## Exercise details
Set down exactly the lines of the records from the top to the line containing "2015 Toyota Prius Three's photo"; include both.

- - -

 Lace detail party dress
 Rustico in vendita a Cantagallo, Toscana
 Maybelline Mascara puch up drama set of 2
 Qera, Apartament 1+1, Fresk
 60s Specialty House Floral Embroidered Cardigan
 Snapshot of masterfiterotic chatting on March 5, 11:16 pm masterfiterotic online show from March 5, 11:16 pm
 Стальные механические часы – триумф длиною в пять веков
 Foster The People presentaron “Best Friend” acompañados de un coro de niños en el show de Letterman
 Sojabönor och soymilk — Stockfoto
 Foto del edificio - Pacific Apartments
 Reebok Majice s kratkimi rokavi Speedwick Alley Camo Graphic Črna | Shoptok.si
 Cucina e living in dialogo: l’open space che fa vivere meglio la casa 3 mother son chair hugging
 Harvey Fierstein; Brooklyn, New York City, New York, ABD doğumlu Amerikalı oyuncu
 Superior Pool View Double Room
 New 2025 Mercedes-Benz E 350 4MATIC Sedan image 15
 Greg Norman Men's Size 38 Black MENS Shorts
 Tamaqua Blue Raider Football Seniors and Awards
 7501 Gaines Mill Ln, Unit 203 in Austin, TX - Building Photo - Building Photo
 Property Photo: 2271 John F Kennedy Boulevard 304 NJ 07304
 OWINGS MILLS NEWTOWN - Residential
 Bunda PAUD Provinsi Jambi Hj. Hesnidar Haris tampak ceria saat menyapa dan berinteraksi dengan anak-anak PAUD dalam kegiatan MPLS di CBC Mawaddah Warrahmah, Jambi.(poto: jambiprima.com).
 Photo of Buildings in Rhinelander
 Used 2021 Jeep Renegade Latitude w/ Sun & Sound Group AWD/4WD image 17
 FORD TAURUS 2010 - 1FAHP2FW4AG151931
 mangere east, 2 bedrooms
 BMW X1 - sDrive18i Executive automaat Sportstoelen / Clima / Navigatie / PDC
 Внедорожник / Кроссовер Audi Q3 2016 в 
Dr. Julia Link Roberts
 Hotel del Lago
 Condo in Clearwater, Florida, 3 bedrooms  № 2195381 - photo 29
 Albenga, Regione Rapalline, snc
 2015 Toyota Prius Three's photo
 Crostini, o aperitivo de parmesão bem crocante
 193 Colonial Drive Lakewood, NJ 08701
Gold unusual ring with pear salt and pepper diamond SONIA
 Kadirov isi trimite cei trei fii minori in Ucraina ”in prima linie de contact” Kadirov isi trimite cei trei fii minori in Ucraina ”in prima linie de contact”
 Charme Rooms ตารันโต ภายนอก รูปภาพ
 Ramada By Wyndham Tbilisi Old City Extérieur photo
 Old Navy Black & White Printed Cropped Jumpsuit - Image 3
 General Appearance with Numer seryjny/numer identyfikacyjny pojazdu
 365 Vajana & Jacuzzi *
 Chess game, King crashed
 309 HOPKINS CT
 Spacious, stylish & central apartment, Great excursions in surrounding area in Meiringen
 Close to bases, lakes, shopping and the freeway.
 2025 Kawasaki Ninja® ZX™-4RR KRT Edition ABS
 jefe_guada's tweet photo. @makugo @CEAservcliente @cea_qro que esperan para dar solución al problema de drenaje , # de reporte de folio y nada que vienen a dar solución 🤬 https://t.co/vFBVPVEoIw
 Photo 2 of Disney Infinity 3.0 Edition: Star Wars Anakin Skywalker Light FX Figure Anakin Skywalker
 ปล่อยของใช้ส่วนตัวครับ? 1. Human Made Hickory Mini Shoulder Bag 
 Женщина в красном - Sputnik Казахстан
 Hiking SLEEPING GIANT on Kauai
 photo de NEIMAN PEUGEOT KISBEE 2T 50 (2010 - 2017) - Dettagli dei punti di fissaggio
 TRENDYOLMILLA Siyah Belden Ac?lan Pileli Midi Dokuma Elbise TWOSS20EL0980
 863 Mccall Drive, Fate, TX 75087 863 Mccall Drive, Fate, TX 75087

- - -

## Response for this exercise
 Lace detail party dress
 Rustico in vendita a Cantagallo, Toscana
 Maybelline Mascara puch up drama set of 2
 Qera, Apartament 1+1, Fresk
 60s Specialty House Floral Embroidered Cardigan
 Snapshot of masterfiterotic chatting on March 5, 11:16 pm masterfiterotic online show from March 5, 11:16 pm
 Стальные механические часы – триумф длиною в пять веков
 Foster The People presentaron “Best Friend” acompañados de un coro de niños en el show de Letterman
 Sojabönor och soymilk — Stockfoto
 Foto del edificio - Pacific Apartments
 Reebok Majice s kratkimi rokavi Speedwick Alley Camo Graphic Črna | Shoptok.si
 Cucina e living in dialogo: l’open space che fa vivere meglio la casa 3 mother son chair hugging
 Harvey Fierstein; Brooklyn, New York City, New York, ABD doğumlu Amerikalı oyuncu
 Superior Pool View Double Room
 New 2025 Mercedes-Benz E 350 4MATIC Sedan image 15
 Greg Norman Men's Size 38 Black MENS Shorts
 Tamaqua Blue Raider Football Seniors and Awards
 7501 Gaines Mill Ln, Unit 203 in Austin, TX - Building Photo - Building Photo
 Property Photo: 2271 John F Kennedy Boulevard 304 NJ 07304
 OWINGS MILLS NEWTOWN - Residential
 Bunda PAUD Provinsi Jambi Hj. Hesnidar Haris tampak ceria saat menyapa dan berinteraksi dengan anak-anak PAUD dalam kegiatan MPLS di CBC Mawaddah Warrahmah, Jambi.(poto: jambiprima.com).
 Photo of Buildings in Rhinelander
 Used 2021 Jeep Renegade Latitude w/ Sun & Sound Group AWD/4WD image 17
 FORD TAURUS 2010 - 1FAHP2FW4AG151931
 mangere east, 2 bedrooms
 BMW X1 - sDrive18i Executive automaat Sportstoelen / Clima / Navigatie / PDC
 Внедорожник / Кроссовер Audi Q3 2016 в 
Dr. Julia Link Roberts
 Hotel del Lago
 Condo in Clearwater, Florida, 3 bedrooms  № 2195381 - photo 29
 Albenga, Regione Rapalline, snc
 2015 Toyota Prius Three's photo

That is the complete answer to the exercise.